EXERCISE INSTRUCTIONS - Transcribe exactly, and only, the lines running from the one that contains "جهاز عرض HY300Ultra" through the last line of the material. No pictures.
+++ AVAILABLE RECORDS +++
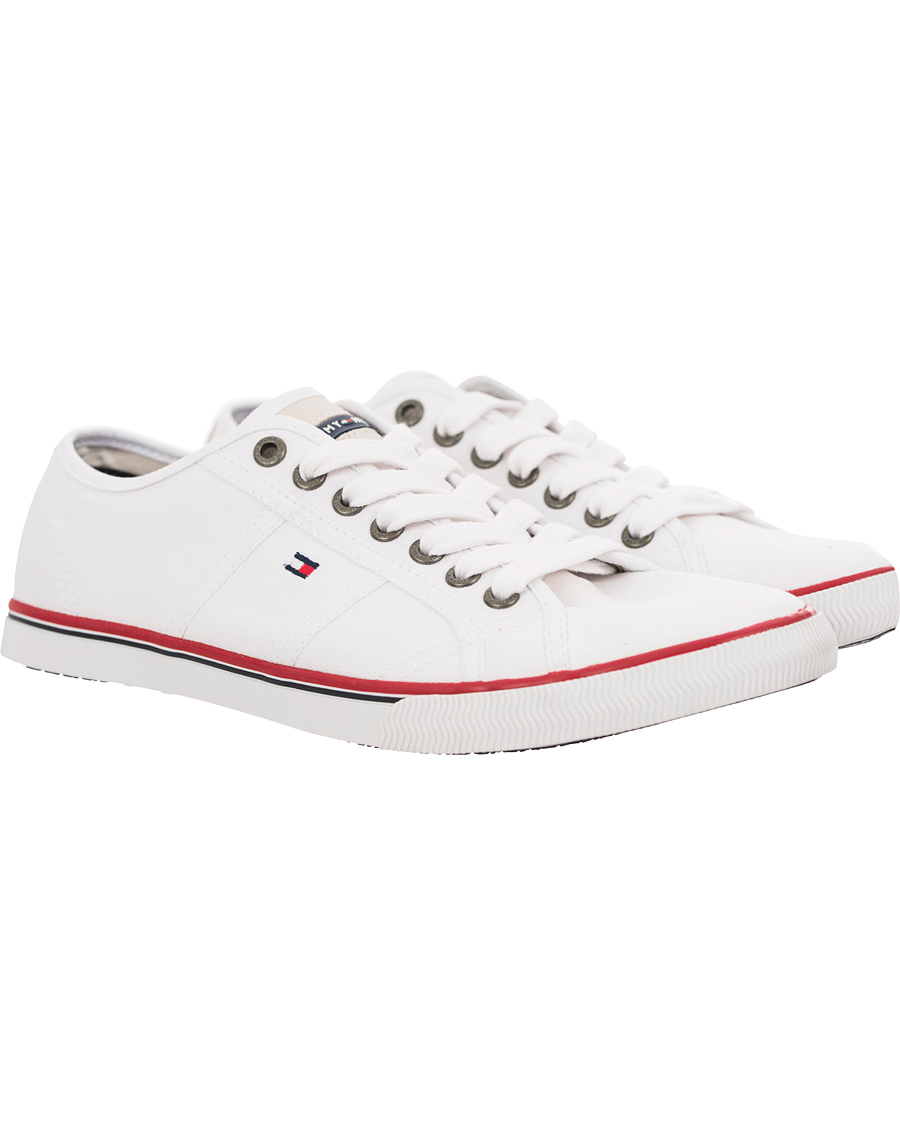 Heren | Tommy Hilfiger Vantage 2D Canvas Sneaker White | Tommy Hilfiger | Vantage 2D Canvas Sneaker White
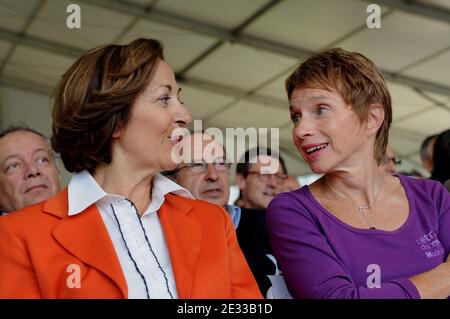 French secretary of State for foreign trade Anne-Marie Idrac (L) and Laurence Parisot attend the Medef Summer University conference in Jouy-en-Josas, near Paris, France, on September 1, 2010. Photo by Christophe Guibbaud/ABACAPRESS.COM Stock Photo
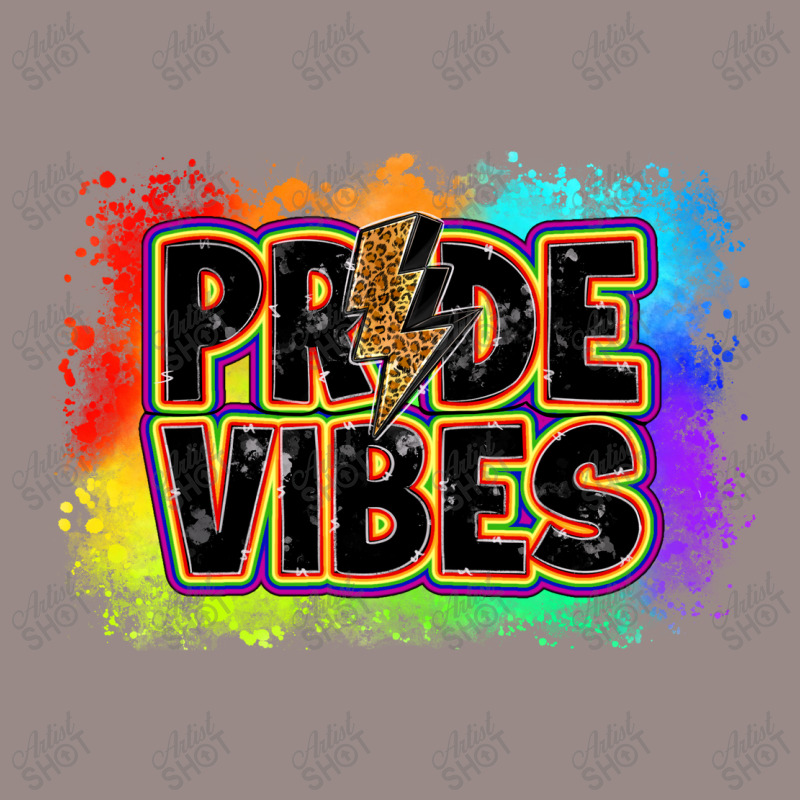 Pride Vibes Lightning Bolt Lgbt Vintage T-Shirt by LillyAllenDesigns | Artistshot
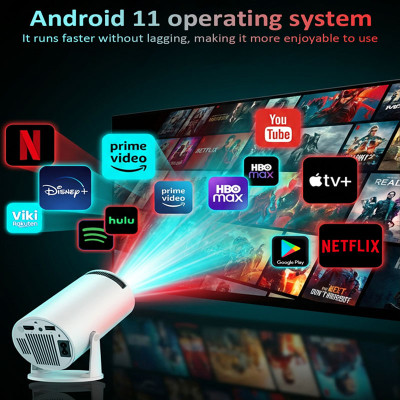 جهاز عرض HY300Ultra الجديد لعام 2026 بدقة 720P وسطوع 290ANSI LED مع تصحيح تلقائي للانحراف وواي فاي 6 وبلوتوث 5.4 للمسرح المنزلي
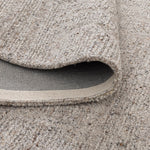 Rowan Greige Modern Wool Rug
+++
OUTPUT OF THE EXERCISE -
 جهاز عرض HY300Ultra الجديد لعام 2026 بدقة 720P وسطوع 290ANSI LED مع تصحيح تلقائي للانحراف وواي فاي 6 وبلوتوث 5.4 للمسرح المنزلي
 Rowan Greige Modern Wool Rug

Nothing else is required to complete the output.